#### Instructions for the task
Scan the material and copy every line in which "Pressure" appears.

#### Records for this task
═══

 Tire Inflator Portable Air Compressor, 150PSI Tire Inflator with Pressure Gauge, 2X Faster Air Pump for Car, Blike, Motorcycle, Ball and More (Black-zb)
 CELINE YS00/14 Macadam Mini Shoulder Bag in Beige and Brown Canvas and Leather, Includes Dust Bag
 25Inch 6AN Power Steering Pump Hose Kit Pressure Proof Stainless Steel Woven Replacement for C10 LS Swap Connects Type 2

═══

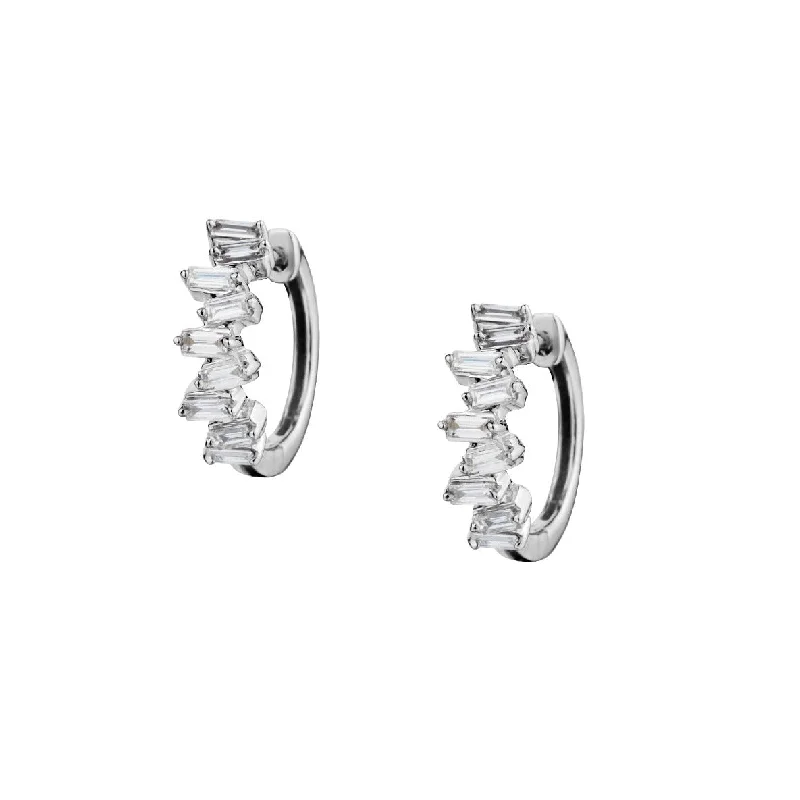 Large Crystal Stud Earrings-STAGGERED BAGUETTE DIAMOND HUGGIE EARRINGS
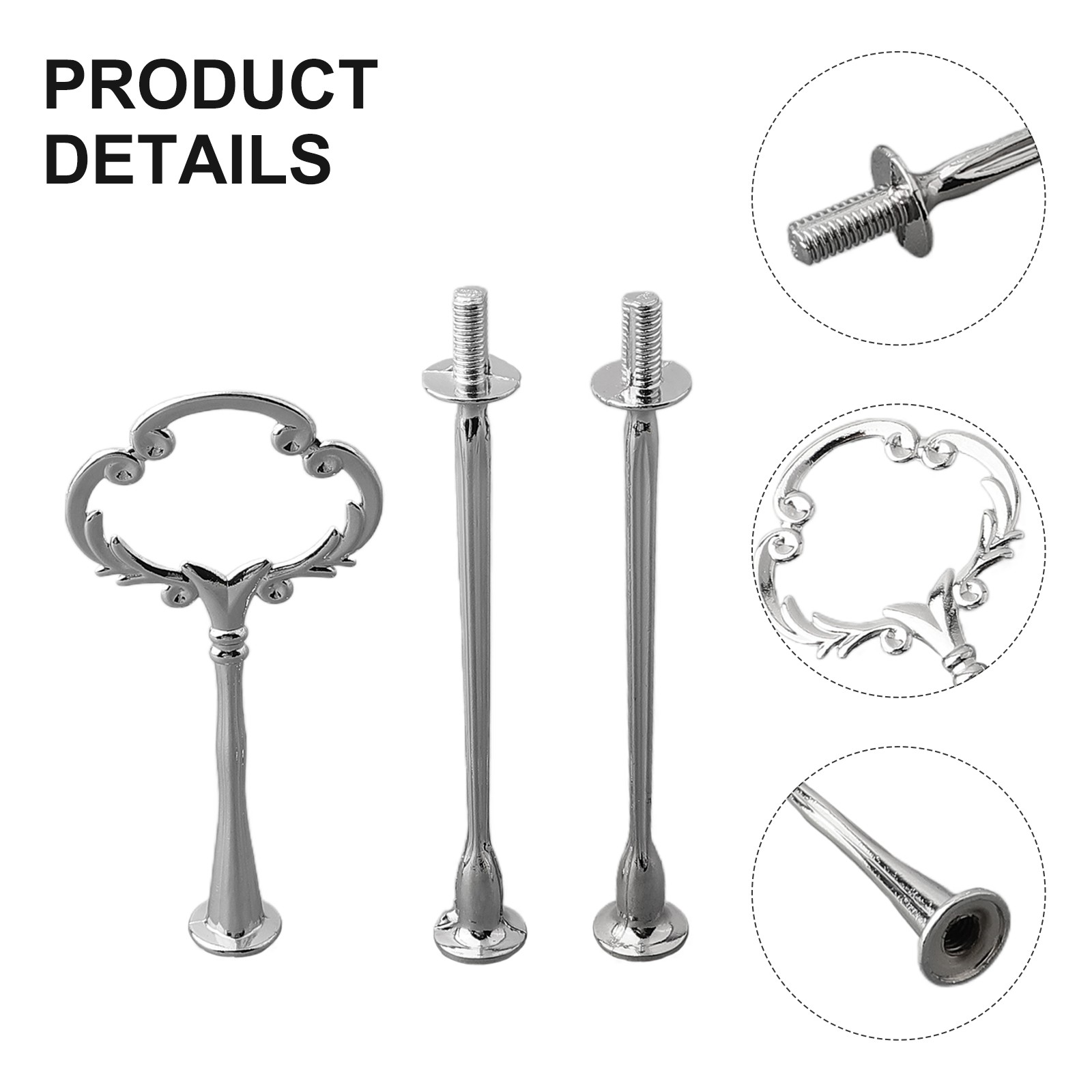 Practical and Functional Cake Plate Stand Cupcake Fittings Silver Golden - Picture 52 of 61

═══

#### Response
 Tire Inflator Portable Air Compressor, 150PSI Tire Inflator with Pressure Gauge, 2X Faster Air Pump for Car, Blike, Motorcycle, Ball and More (Black-zb)
 25Inch 6AN Power Steering Pump Hose Kit Pressure Proof Stainless Steel Woven Replacement for C10 LS Swap Connects Type 2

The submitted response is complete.